Approaching the vast landscape and literature, Lewis establishes his case for collating identified “clusters” of Leichhardt finds or ‘evidence’ and separates these into two possible pathways. The three chapters of part one review the northern options, building on the 1844-45 Port Essington route: Central Queensland, the Gulf and Roper River region, and the Victoria River / Tanami Desert. The first two chapters of part two dissect the Simpson Desert, on the more direct east-to-west route, and the third chapter considers a possible Western Australian end of the saga.
Lewis leads the reader on a firmly constructed, cross-referenced and well-sequenced journey. He recounts details of the 15 or more formal efforts undertaken to search for traces of the missing party, and canvases the dozens of incidental encounters and discoveries of the past 160 years. He carefully describes successive expeditions and chance finds, testing and sifting reports and appraisals, showing what the historical ‘chaff’ is and patiently explaining why this is so.
You might wonder if, in such strenuous efforts to be balanced and factual, Lewis requires a lot of qualifiers – ‘maybes’ and ‘perhapses’ and ‘possiblys’. This proves not to be so, and the pleasant, academically correct canter of the book’s rhythm reflects well on writer and editorial team.

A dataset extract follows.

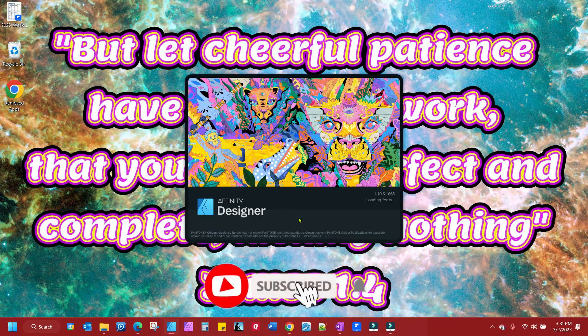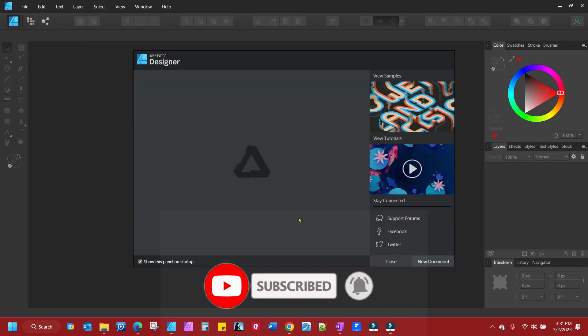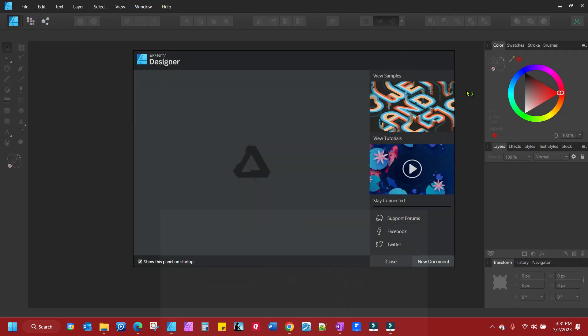And there you go. That will fix the majority of your glitchy problems. Same works for Affinity Photo as well.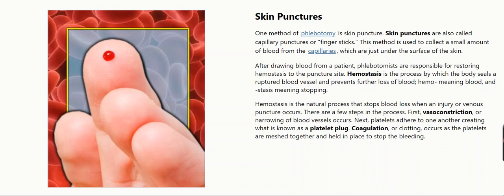First, vasoconstriction, or narrowing of blood vessels, occurs. Next, platelets adhere to one another, creating what is known as a platelet plug. Coagulation, or clotting, occurs as the platelets are meshed together and held in place to stop the bleeding.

The fog of much mystery is cleared by Lewis’s technique: for instance, the numerous trees identified or reported as inscribed with “L” (or other markings) are compared and contrasted. We see how some were indubitably Leichhardt’s, and that many other wanderers – both then and later – also had surnames beginning with that letter. Gideon Lang may have so marked in certain areas; the better-known William Landsborough very likely did, as he mapped his way around Queensland.
For the general reader the degree of forensic detective detail is illuminating, and Lewis conversationally and deftly explains why things are or are not – or might be – so. Dating fragments of teeth and tools, or revealing the minting dates and quantities of discovered coins, is only part of it. Weaponry through the years plays a key role: firearms, for instance, were originally loaded from the muzzle rather than the breech, although the older method persisted for a time after the technological transition. This has a bearing on items of reputed relevance – pistols and ammunition cartridges – as Lewis scrupulously demonstrates. His comparative reasoning and soundly-footnoted endorsements give the lie to many a popular myth long embedded in the Leichhardt legend.